= Beginning of Section =

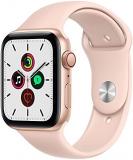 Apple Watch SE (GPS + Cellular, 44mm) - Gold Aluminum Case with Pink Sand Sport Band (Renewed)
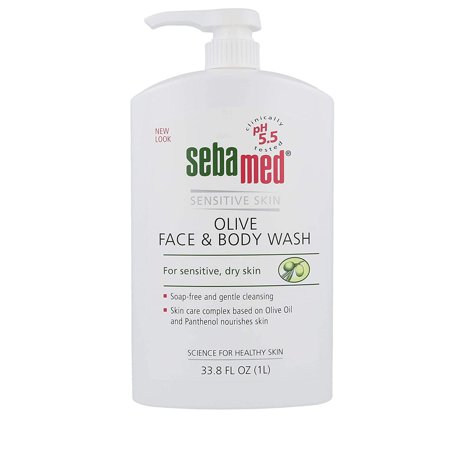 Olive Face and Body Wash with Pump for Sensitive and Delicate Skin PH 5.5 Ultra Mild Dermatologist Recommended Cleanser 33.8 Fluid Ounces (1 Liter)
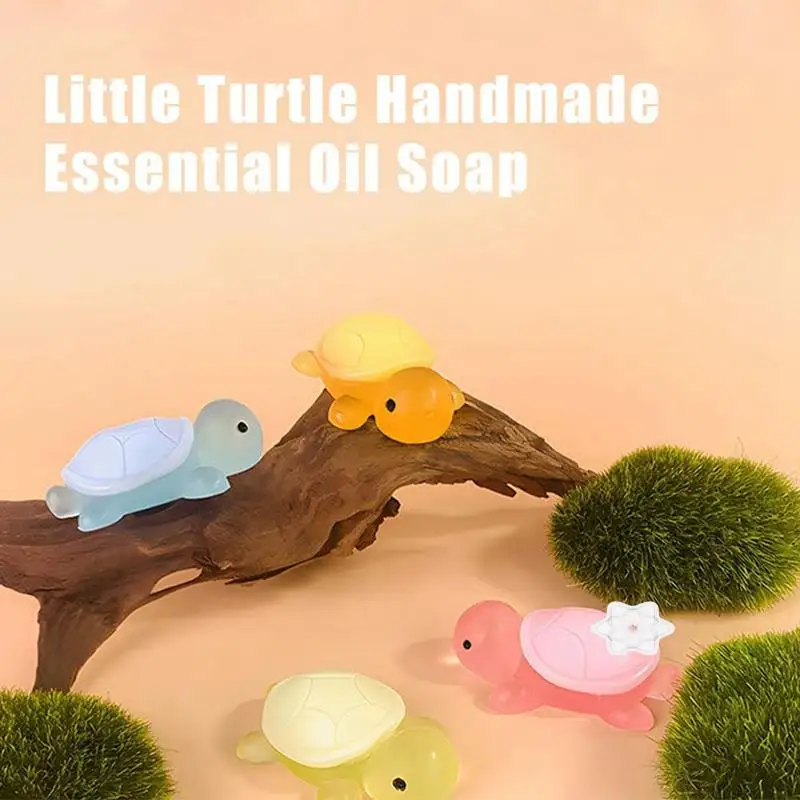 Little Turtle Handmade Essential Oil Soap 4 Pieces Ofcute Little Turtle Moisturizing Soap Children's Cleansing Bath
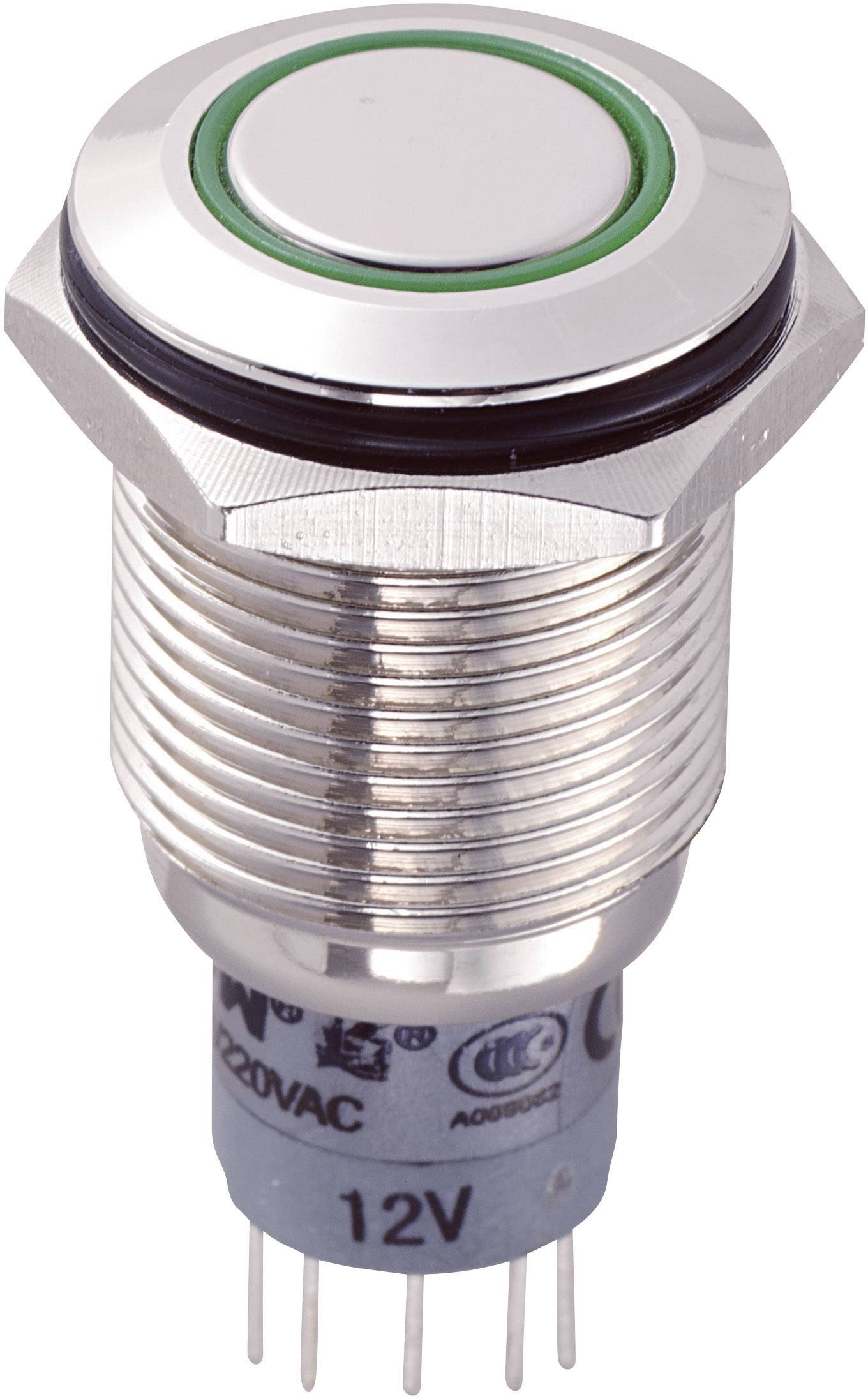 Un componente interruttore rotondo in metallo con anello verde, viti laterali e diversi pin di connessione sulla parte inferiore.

= End of Section =

Once the pictures are set aside, what is needed is the lines from the line with "Little Turtle Handmade" through the end of the data, written out exactly and alone.

ANSWER AREA:
 Little Turtle Handmade Essential Oil Soap 4 Pieces Ofcute Little Turtle Moisturizing Soap Children's Cleansing Bath
 Un componente interruttore rotondo in metallo con anello verde, viti laterali e diversi pin di connessione sulla parte inferiore.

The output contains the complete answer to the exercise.